● **What needs to be done**: Every record must be output verbatim in the reply.
- - - - -
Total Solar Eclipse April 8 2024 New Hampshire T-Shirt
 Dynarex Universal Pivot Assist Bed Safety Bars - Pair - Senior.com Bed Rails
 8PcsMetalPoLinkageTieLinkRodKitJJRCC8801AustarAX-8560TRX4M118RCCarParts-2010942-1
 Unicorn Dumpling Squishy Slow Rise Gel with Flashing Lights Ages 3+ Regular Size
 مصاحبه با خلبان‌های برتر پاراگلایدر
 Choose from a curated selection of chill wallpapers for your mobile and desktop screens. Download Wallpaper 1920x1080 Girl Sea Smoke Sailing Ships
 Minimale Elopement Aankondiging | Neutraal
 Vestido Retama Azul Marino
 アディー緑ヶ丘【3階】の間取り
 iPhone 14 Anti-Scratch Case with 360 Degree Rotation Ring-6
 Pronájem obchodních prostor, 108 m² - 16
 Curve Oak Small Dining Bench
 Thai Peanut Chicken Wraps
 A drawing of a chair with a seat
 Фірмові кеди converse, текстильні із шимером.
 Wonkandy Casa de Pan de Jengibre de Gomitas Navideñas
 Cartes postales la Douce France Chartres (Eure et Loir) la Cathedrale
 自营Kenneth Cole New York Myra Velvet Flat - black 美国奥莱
- - - - -
● **Written answer**:
Total Solar Eclipse April 8 2024 New Hampshire T-Shirt
 Dynarex Universal Pivot Assist Bed Safety Bars - Pair - Senior.com Bed Rails
 8PcsMetalPoLinkageTieLinkRodKitJJRCC8801AustarAX-8560TRX4M118RCCarParts-2010942-1
 Unicorn Dumpling Squishy Slow Rise Gel with Flashing Lights Ages 3+ Regular Size
 مصاحبه با خلبان‌های برتر پاراگلایدر
 Choose from a curated selection of chill wallpapers for your mobile and desktop screens. Download Wallpaper 1920x1080 Girl Sea Smoke Sailing Ships
 Minimale Elopement Aankondiging | Neutraal
 Vestido Retama Azul Marino
 アディー緑ヶ丘【3階】の間取り
 iPhone 14 Anti-Scratch Case with 360 Degree Rotation Ring-6
 Pronájem obchodních prostor, 108 m² - 16
 Curve Oak Small Dining Bench
 Thai Peanut Chicken Wraps
 A drawing of a chair with a seat
 Фірмові кеди converse, текстильні із шимером.
 Wonkandy Casa de Pan de Jengibre de Gomitas Navideñas
 Cartes postales la Douce France Chartres (Eure et Loir) la Cathedrale
 自营Kenneth Cole New York Myra Velvet Flat - black 美国奥莱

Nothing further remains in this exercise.